I mainly hit this issue when running my integration tests, where I also run the
mesos master and agent in docker using mini mesos
Sent from my iPad
On 27 Sep 2016, at 22:51, Hendrik Haddorp <[email protected]> wrote:
Hi,
this sounds quite like a problem I had hit a few days ago. If you are using the
mesos native library you need to make sure that the LIBPROCESS environment
variables are set correctly. Otherwise the Mesos master can not communicate
back to your process, especially if you are not running on the same node as the
master. Things gets slightly more tricky if your scheduler is running in a
docker container.
regards,
Hendrik
On 27.09.2016 14:34, Eli Jordan wrote:
Yes, it appears in the mesos ui, and stays there. I log all messages from the
mesos master, including resource offers and disconnected. I don't receive
offers or disconnected.
I know I need to accept or decline the offers, the problem is that I never
receive the resource offer, but the master thinks I have.
This only happens sometimes, sometimes the framework starts just fine, and can
launch tasks. Which is what led me to think it might be a timing issue.
Thanks
Eli
On 27 Sep. 2016, at 22:25, Olivier Sallou <[email protected]

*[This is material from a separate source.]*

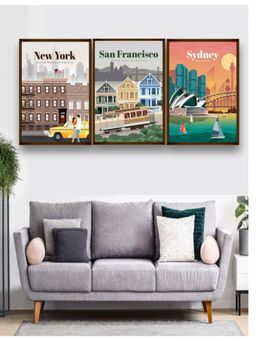 The Art House - Multicoloured Abstract Wall Painting Set of 3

<mailto:[email protected]>> wrote:
On 09/27/2016 02:08 PM, Gmail wrote:
Hi
I am implementing a mesos framework, and have hit a strange issue that I can't
make sense of. Intermittently, my framework will receive the registered
message, and is shown as registered in the mesos ui.

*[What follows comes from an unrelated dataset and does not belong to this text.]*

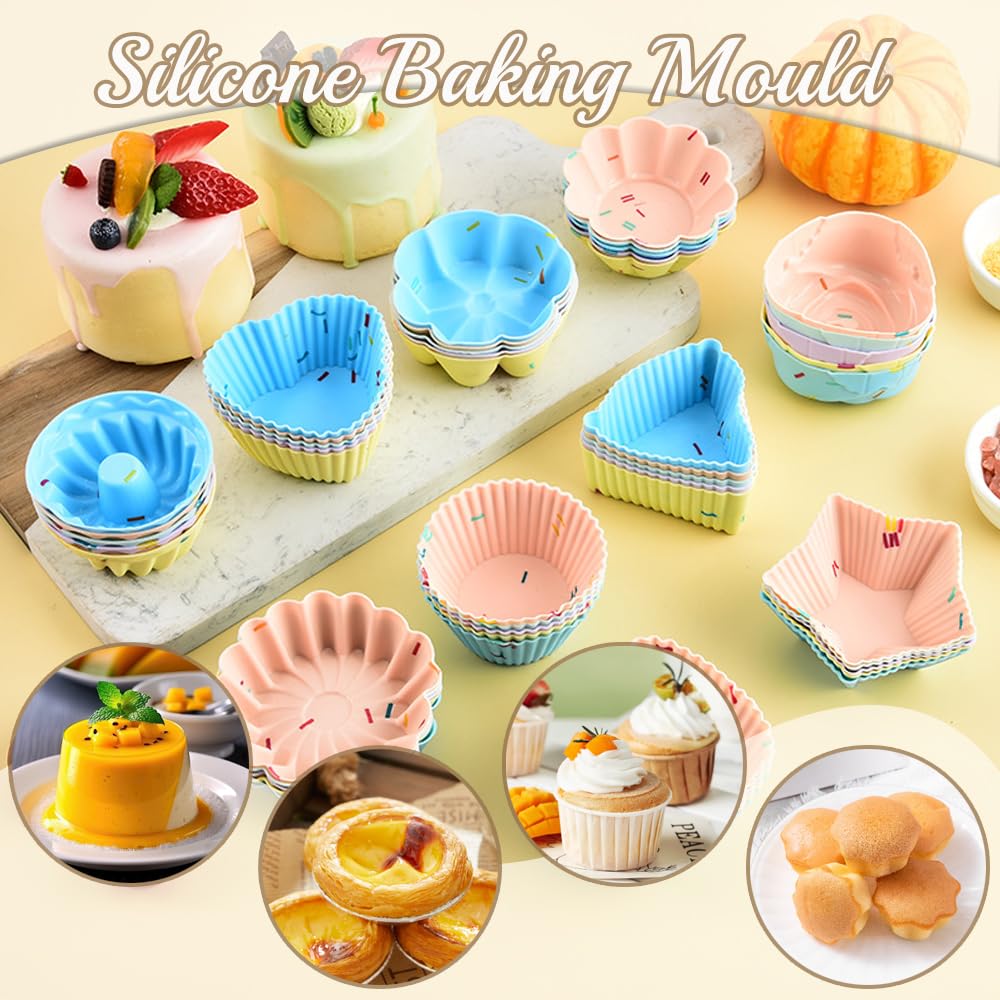 30 silikonowych foremek do muffinek 10 rodzajów foremek do muffinek wielokrotnego użytku foremek do babeczek silikonowe foremki do pieczenia kremowe pudding lodowy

I never see any resource offer messages being processed by the framework,
however, the mesos master indicates that it has offered resources to the
framework (on the frameworks page in the ui). In this case, I only have one
slave, and all the resources are apparently being consumed by the framework, so
no tasks can be launched.
Does your framework appear in mesos UI in the list fo frameworks ? (and
remains in the list)
Maybe your framework is registered then disconnected.
Anyone have an idea what the problem might be?
One thought I had, is that the MesosSchedulerDriver isn't expecting the
scheduler implementation to process messages asynchronously, but I couldn't
find any documentation indicating one way or the other. In my case, I'm using
akka actors, and all the scheduler implementation does is dispatch a message.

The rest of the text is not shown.